Sahabenin büyük çoğunluğunun medfun olduğu Arabistan’da sahabe kabirleri bilinmezken Anadolu’da kesin olduğu bilinmeyen bu kabirlere gösterilen hürmeti dikkate değer buluyorum. Bu kabir için bir yerleşim yeri olmamasına rağmen, devlet tarafından güzel bir yol yapılmış.

Kervandan birisi bunu şöyle izah etti. Bu yerler birlik ve beraberliğe vesile yerler. Belli zamanlarda bu kabri iki yüz bin kişinin ziyaret ettiği söyleniyor. Ben de içimden, medreseleri kapattık, tekkeleri yok ettik, manevi önderleri önemsizleştirdik, başka çaremiz kalmadı, kabirlerden medet umuyoruz, diye geçirdim.

 Adıyamanlılara göre,Anadolu’daki sahabe mezarlarının bir kısmı konusunda bu kadar şüpheler bulunmasına rağmen, Adıyaman’da bulunan Hz.
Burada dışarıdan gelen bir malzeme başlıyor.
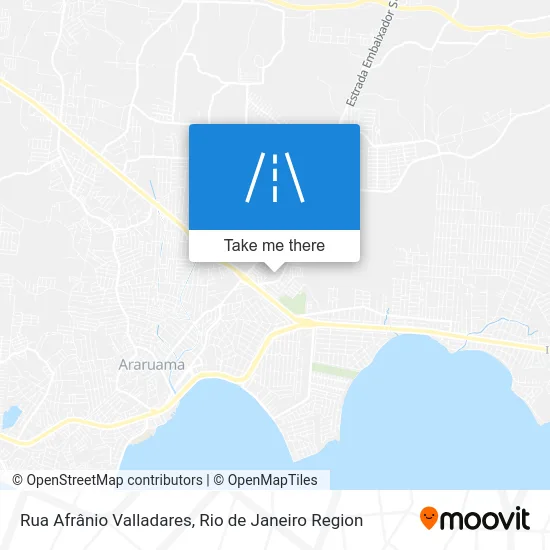 Rua Afrânio Valladares map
Safvan b. Muattal’ın kabri konusunda hiçbir ihtilaf bulunmamaktadır. Bütün İslam Tarihi kaynakları Hz. Safvan b. Muattal’ın Adıyaman’da vefat ettiği konusunda hemfikirdirler. Onun vefat tarihi konusunda ihtilaf olsa da, başka bir yerde vefat ettiğine dair en ufak farklı bir rivayet bile bulunmamaktadır. Nitekim Adıyaman’daki yöre halkı da Hz. Safvan b. Muattal hakkında “Sahabe-i Paki” şeklinde bir tabir kullanmaktadırlar. Bu tabir, onun ifk hadisesinde Kuran tarafından paklandığını anlatmaktadır. Hz. Safvan bin Muattal Türbesi Adıyaman'ın Samsat ilçesine yaklaşık 10,5 km mesafede bulunan, Taşkuyu ve Çiçek Köyleri arasında kalan (Doğanlar Mezrası) mevkide, yüksek bir tepede bulunmaktadır.

Ziyaret alanına indiğimizde Yusuf bizden ayrıldı. Tepeden aşağı doğru inip kayboldu. Dönüşte orada bırakmamamız gerektiğini düşündüğüm için onu takip etmeye çalıştım. Ancak dönüş anında onu tekrar görebildim. Elinde topladığı bazı otları kervandan birine veriyordu. Bana bir şey söylemedi ama gezi sırasında kervandan bazılarına sırlı sözler etmişti. Sağlıkla ilgili sıkıntısı olanlara da bu sıkıntılarını söylemişti. Anlaşılan onlardan birine iyi geleceğini düşündüğü otlardan toplamıştı.

Kahraman Maraş son durağımızdı. Adıyaman’dan çok geç geldik. Sabahında ise iki program düzenlenmişti. Hem sabah, hem öğleden sonra. Şehrin ancak çarşılarını gezebildik. Kahraman Maraş, son yıllarda yapılan barajlardan sonra daha bir güzel şehir haline gelmiş. İşsizliğin olmadığı belirtildi. Sanayisi de gelişiyormuş. Her ne kadar Kayseri ve Gaziantep gibi iki sanayi ve ticaret şehri arasında bulunsa da ekonomik gelişme ve refahını artıran bir şehrimiz.Şair ve yazarların şehri de desek abartmış olmayız. Son çınarlarından Bahattin Karakoç da programa katıldı.

Kahraman Maraş’ta fazla kalamadık. İzzet ve ikramları, misafirperverlikleri ile her anımızı doldurdular. Ancak kervan son düzlüğe çıkmıştı. Kervan yolcularından bir kısmı için ertesi gün mesai günüydü. Kervan sabaha Ankara’da olmalıydı. Üzülerek Tekir’de yapacakları akşam ikramından affımızı isteyip, Kayseri’ye doğru yola çıktık.Akşamı Kayseri’de yeriz dedikleri için kendimce tedbir almıştım. Kervan yolda gerek deyip, Ankara’ya yürüdü. Benimse yolculuğum bitmişti.

Notlarıma da, Kervana gittiğimiz yerlerde yüklenenleri, almayı tercih ettim.